An early example of an acoustic side channel attack involved capturing and analyzing the audio output from the electronic components in keyboards and keypads, wherein attackers were able to determine the particular keys were being pressed [2]. This attack in itself highlights the potential for sensitive information leakage using this method, since attacks of this nature could be used to compromise personal information such as passwords or PIN numbers. Another example of an acoustic side-channel attack involved monitoring the audio signatures of a CPU during cryptographic processes to break an RSA encryption algorithm, and extract full 4096-bit RSA decryption keys from laptop computers [3]. More recently, similar attacks have been demonstrated on other encryption algorithms including DES and ECDSA [4,5]. All of these attacks are made possible by some of the most common electrical components in any computing system; capacitors and electrical coils, both of which emit unique sound profiles when exposed to currents [6]. While these components are the basis for most acoustic side channel attacks, newer attacks have demonstrated stealing the information from inkjet printers as well as 3D printers by analyzing the audio output from the motors in the printer itself during a print job [7,8]. 
The success of an acoustic side channel attack relies on the ability of an attacker to successfully capture the audio output from a target machine, and interpret the sound profile in the context of the attack. As such, these attacks often utilize pattern matching algorithms of some sort. And because of this, with advances in machine learning, the potential for these kinds of attacks has grown significantly [9]. Particularly, the use of neural networks in these attacks has become a growing area of interest. One particular attack utilizing this methodology involves the use of audio recording devices to decipher particular screen content from LCD screens based upon their unique acoustic profiles [10].
The idea of using side channel attacks to remotely detect the content of screen is nothing new. 
Originally demonstrated by Wim van Eck on cathode ray tubes [11],  the use of electromagnetic based EM attacks of this type has been around for decades [12]. And more recently, EM based side-channel attacks have been demonstrated on newer LCD screens as well [13]. Other attacks have been leveraged the use of reflection to create visual side channel attacks on flat screens [14]. However, the attack in focus that will be further discussed here relies solely on the audio signatures of LCD screens to decipher the content of what is visually being displayed.
In this attack type of attack, the goal is to capture all the acoustic information necessary ideally through the use of common audio recording devices. And this is exactly what Genkin et. al. examine through a variety of potential attacks on LCDs.
In order to understand the attack process, the basics behind how an LCD works must first be understood.
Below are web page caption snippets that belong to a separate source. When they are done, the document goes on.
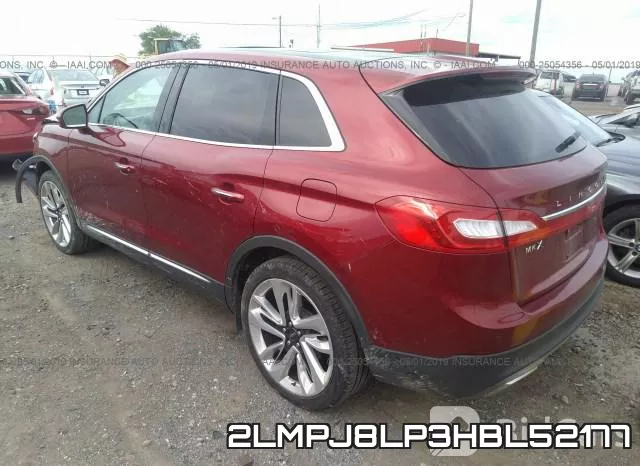 2LMPJ8LP3HBL52177 фото 4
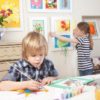 Kinderkunst
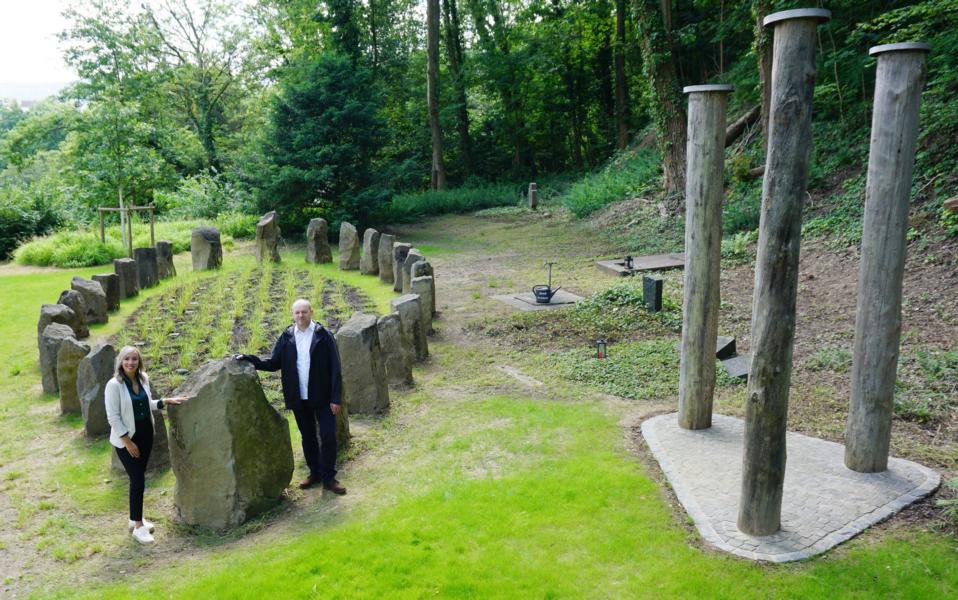 Die letzte Reise im Schiff antreten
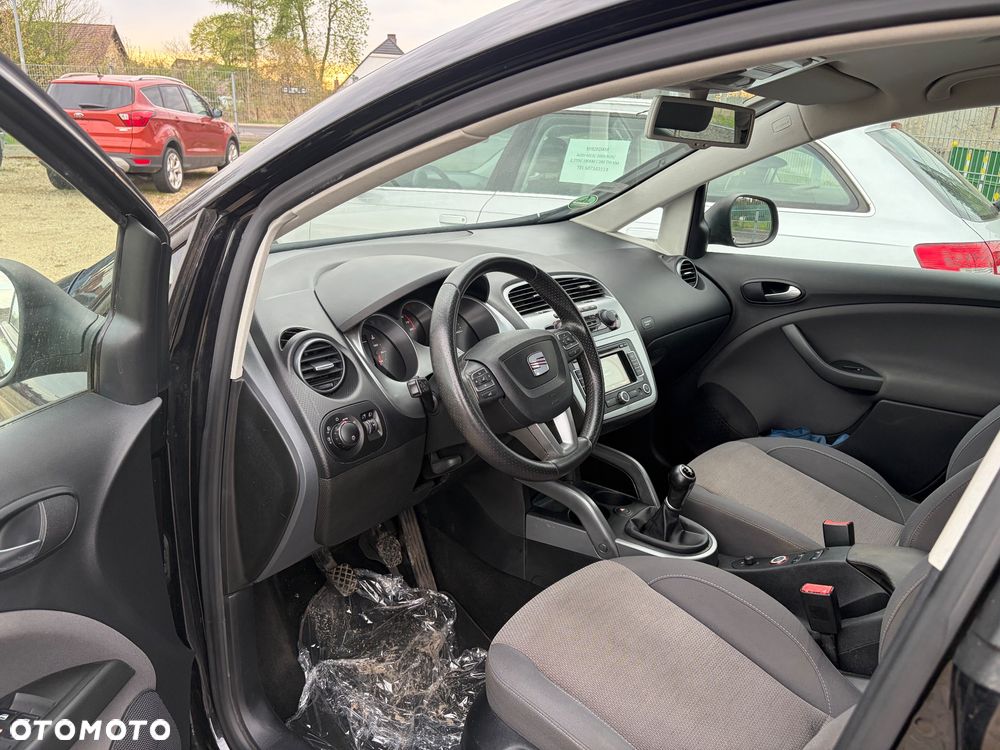 Seat Altea XL - 8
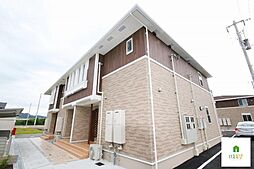 高松琴平電気鉄道長尾線 元山駅 徒歩9分の賃貸アパート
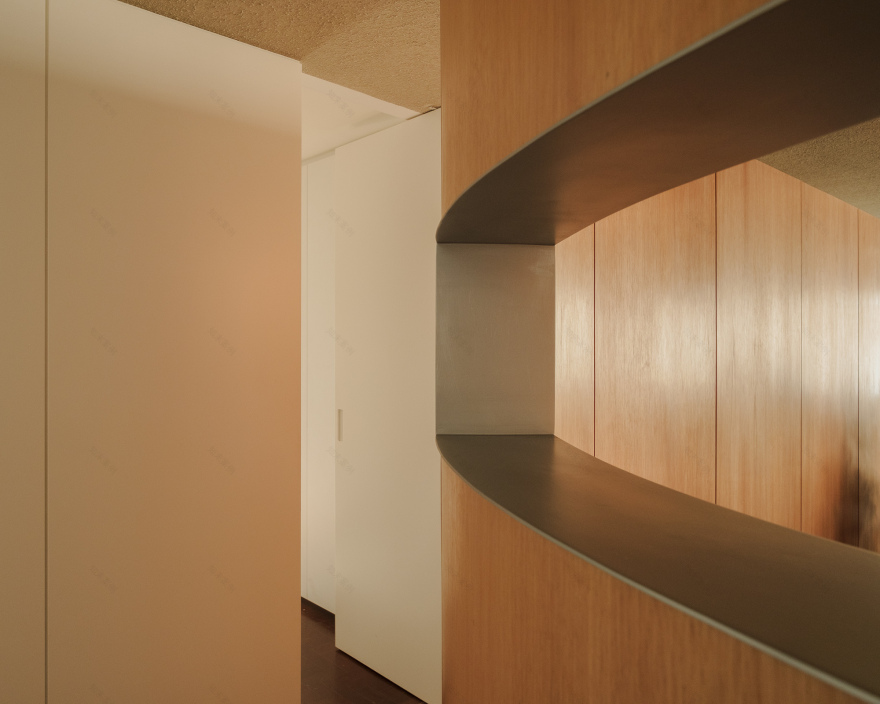 瓜拉帕里公寓丨巴西圣保罗-34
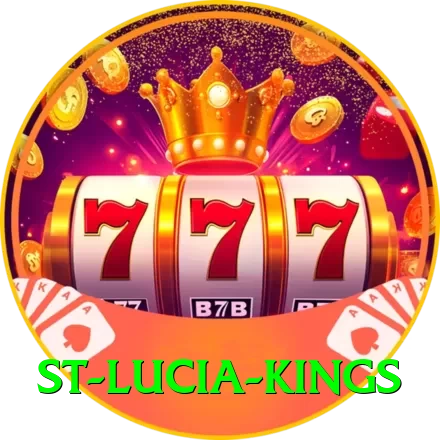 st lucia kings Ultimate Pro v5.2.6 - 2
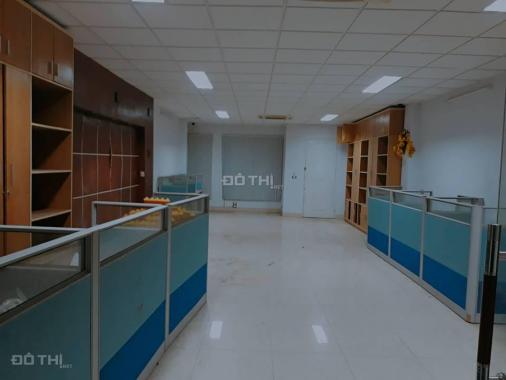 Cho thuê sàn văn phòng mặt phố Trần Đại Nghĩa, DTSD 120m2, 17 triệu/tháng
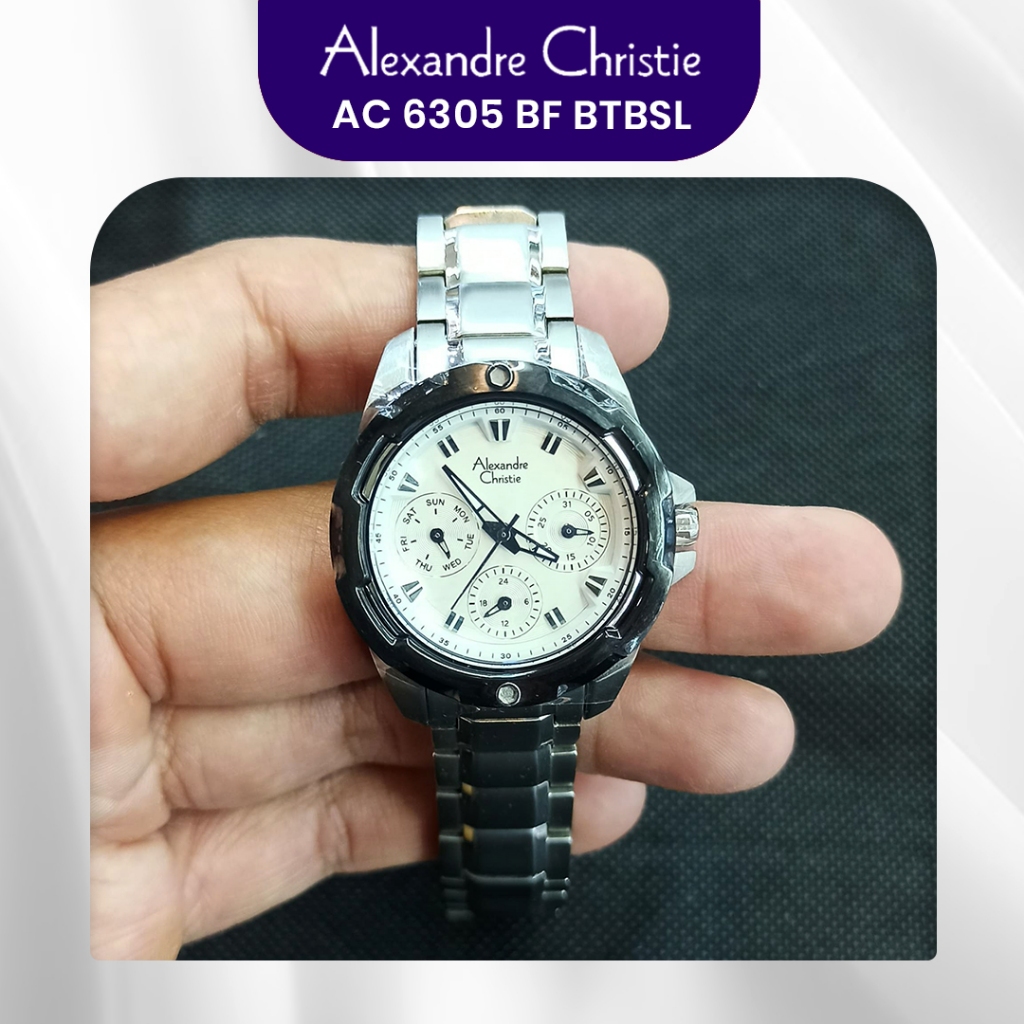 Alexandre Christie AC 6305 BF BTBSL AC6305 BFBTBSL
These displays consist of a rows and rows of tightly packed pixels, wherein each pixel contains a tiny red, green and blue light. Together brightness level of each light in each pixel synchronize together to create the images shown on a screen at any given time. The values of these pixels update anywhere from several dozen to several hundreds of times per second. This is known as the refresh rate. During a refresh cycle, each pixel on the entire screen is iteratively updated. Through this method, the graphics output from a computer is able to change the content displayed on a screen. A great slo-motion video showing this process can be found here:Link
For the purpose of this attack, the authors in the paper first conducted experiments by analyzing the acoustic output of very basic "zebra" stripe images, shown in Fig. 1 below:
In order to understand the attack process, the basics behind how an LCD works must first be understood. These displays consist of a rows and rows of tightly packed pixels, wherein each pixel contains a tiny red, green and blue light. Together brightness level of each light in each pixel synchronize together to create the images shown on a screen at any given time. The values of these pixels update anywhere from several dozen to several hundreds of times per second. This is known as the refresh rate. During a refresh cycle, each pixel on the entire screen is iteratively updated. Through this method, the graphics output from a computer is able to change the content displayed on a screen. A great slo-motion video showing this process can be found here:Link
For the purpose of this attack, the authors in the paper first conducted experiments by analyzing the acoustic output of very basic "zebra" stripe images, shown in Fig. 1 below:
Here, the authors used a Soyo DYLM2086 display (A), a Brüel & Kjaer 4190 microphone and preamplifier (B), a Brüel & Kjaer 2610 amplifier (C), a Creative E-MU 0404 USB sound card (D) and a laptop (E), creating spectrograms representing the acoustic signatures of the contents displayed on screen. A example of the output corresponding to different zebra stripe patterns (with differing periods), is shown in Fig. 2 below:
|  | 
| Figure 2 Acoustic emanation of zebra stripe patterns | 
In an effort to determine the location of the acoustic output, the researchers were able to pinpoint a particular quadrant in the LCD's power supply board, shown in Fig. 3 below, which appears to contain a cluster of capacitors.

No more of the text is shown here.